When I was a child I grew up next to the Arcade Library. I learned how to read at school and I’m blessed with enough intelligence and a sense of curiosity to wonder how things work. I spent hours each week at the library as a child learning how to read and gather more information and vicarious experiences from the authors I read. I even learned skills out of books, but most of the time I needed visual models. Before the World Wide Web was born I would curl up with encyclopedias at work and read them. I’m really fascinated with learning about the world we live in. The first generation of web sites were really great and I learned even more than I could from books. I now had access to world class resources. I didn’t have to use inter-library loan. I could dial-up with SLIP and using NCSA Mosaic and later Netscape I had access to libraries world wide. Nowadays, I’m indebted to the folks who invented Atom and RSS. That’s really helped me to read more.
The world of blogs, wikis and podcasting has opened up a virtual world into which I have traveled and explored. Most of the students who come to the school I work at learn to read here. Very few if any have those skills from home or home schooling. Students today have some marked differences than we did forty-five years ago. They come here with the expectation that information will be accessible. They are digital kids. Many have computers at home. Most of cable or satellite televisions and many have high speed internet. An increasing number have cell phones, IPods, and Playstations. Some of those devices have 802.11x WiFi and we’ve seen more of them on our network. These children come here with more technology in their pockets than teachers had ten years ago on their desktops.
It would behoove us to take advantage of this, but we don’t. In fact many of our staff are opposed to student access to cellular technology. Many of my colleagues want to ban student cell phones for a variety of reasons. I submit that we ought to engage those students on the devices that they carry in their pockets. Today in reading Digg.com RSS feed for Technology I came across an interesting talk with Eric Schmidt of Google.
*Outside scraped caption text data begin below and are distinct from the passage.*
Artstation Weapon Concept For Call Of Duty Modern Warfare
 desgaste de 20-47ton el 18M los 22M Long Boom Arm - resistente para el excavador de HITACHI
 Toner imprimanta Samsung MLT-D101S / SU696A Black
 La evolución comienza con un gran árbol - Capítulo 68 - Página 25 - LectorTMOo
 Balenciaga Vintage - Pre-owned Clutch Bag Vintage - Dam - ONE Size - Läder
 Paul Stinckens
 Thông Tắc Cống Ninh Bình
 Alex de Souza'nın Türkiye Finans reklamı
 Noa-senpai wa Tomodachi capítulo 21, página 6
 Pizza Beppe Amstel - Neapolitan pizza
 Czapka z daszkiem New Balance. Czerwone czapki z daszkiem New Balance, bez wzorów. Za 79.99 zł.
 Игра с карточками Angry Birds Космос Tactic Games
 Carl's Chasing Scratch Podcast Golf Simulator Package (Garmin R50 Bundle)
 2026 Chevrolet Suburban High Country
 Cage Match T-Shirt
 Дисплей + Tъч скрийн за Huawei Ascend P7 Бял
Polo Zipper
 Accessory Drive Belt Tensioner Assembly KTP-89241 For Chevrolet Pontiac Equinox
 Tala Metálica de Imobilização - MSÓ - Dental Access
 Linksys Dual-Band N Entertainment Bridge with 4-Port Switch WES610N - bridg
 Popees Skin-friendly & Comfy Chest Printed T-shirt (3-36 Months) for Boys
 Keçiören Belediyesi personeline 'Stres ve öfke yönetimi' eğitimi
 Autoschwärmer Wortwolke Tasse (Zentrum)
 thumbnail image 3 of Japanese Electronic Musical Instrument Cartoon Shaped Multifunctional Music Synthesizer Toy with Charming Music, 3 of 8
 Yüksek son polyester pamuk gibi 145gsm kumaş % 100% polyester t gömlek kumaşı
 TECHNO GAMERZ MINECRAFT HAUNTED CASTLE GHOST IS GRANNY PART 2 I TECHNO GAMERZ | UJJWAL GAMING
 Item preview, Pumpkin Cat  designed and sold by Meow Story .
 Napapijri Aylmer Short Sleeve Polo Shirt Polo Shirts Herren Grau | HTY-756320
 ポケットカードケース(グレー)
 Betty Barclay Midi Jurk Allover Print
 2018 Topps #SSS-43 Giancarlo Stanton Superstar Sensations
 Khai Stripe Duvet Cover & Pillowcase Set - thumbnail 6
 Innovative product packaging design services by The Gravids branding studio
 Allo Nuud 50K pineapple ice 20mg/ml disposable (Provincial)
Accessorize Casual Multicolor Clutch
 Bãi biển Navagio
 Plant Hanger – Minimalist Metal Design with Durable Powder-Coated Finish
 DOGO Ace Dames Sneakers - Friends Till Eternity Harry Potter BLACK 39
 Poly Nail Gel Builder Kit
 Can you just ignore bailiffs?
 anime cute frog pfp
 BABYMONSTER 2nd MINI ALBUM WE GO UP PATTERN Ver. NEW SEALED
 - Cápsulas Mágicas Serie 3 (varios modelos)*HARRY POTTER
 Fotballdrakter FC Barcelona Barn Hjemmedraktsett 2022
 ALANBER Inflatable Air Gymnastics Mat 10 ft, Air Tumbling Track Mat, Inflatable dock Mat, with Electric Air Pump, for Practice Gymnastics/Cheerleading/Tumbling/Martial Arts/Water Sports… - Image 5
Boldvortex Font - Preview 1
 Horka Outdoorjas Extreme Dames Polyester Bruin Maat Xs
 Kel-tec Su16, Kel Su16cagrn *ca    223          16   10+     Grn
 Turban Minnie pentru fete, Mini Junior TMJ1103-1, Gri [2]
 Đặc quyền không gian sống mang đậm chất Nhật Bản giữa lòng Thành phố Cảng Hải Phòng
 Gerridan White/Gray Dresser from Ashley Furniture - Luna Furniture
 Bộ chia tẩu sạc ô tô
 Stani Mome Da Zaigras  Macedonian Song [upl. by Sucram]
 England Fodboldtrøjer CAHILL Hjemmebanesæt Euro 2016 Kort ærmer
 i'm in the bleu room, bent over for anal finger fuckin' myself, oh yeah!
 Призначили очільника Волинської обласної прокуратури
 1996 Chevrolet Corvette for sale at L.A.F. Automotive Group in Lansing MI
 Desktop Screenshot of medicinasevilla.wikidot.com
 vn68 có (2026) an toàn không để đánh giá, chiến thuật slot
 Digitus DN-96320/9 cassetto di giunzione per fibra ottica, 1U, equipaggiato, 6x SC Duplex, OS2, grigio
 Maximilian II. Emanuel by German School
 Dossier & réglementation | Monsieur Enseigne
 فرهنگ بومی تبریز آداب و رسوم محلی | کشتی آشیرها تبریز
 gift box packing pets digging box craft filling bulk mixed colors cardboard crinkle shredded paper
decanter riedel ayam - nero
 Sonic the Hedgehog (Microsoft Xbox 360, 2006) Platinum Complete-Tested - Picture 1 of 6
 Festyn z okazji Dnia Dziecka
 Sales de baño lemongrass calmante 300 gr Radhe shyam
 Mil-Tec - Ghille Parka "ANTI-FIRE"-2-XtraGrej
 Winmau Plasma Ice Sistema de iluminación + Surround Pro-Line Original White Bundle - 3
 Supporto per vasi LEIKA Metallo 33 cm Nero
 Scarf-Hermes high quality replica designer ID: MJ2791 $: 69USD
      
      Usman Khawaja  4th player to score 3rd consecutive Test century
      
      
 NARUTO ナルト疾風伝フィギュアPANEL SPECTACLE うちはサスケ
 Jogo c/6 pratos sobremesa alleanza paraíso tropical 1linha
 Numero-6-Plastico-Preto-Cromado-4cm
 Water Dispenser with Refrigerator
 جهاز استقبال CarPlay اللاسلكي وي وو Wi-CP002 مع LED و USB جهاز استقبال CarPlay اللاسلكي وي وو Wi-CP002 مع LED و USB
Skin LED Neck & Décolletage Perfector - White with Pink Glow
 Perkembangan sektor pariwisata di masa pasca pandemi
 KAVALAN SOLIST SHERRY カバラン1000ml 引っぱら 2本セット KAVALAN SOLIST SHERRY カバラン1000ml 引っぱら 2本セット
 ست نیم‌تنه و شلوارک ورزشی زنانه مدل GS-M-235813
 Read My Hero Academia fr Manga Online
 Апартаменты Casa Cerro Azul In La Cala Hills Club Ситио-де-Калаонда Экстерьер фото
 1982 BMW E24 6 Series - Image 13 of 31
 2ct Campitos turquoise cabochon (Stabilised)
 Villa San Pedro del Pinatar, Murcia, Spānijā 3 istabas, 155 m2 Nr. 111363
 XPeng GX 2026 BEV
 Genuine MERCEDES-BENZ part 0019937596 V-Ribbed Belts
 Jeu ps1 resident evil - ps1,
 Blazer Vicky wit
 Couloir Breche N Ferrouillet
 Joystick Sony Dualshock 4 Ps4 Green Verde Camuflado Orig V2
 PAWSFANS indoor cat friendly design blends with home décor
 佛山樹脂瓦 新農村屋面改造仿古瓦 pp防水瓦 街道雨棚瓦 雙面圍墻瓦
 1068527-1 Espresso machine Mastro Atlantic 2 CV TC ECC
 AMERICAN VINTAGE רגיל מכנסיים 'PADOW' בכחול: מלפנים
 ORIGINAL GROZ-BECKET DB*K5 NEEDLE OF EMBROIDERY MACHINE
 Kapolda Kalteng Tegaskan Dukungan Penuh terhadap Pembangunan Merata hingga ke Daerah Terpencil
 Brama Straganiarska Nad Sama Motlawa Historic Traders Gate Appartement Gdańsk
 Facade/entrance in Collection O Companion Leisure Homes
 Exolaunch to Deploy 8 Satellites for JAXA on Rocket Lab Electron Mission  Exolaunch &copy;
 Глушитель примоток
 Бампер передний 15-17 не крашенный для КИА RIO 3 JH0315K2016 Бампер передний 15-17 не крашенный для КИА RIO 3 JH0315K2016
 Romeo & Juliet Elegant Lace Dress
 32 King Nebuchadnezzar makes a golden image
Google’s really doing a lot to open up the web and making access to technology more ubiquitous even for economically disadvantaged segments of our population.
[youtube=http://www.youtube.com/watch?v=T0QJmmdw3b0]
Last week when I was in Philadelphia at St. Francis Inn I noticed that even economically disadvantaged folks have access to free WiFi and many have cell phones with SMS capability. Imagine if when you came to school your teacher removed your pen and pencil at the door and insisted you use a stylus and wax tablet. That’s really not an extreme analogy. Think about it.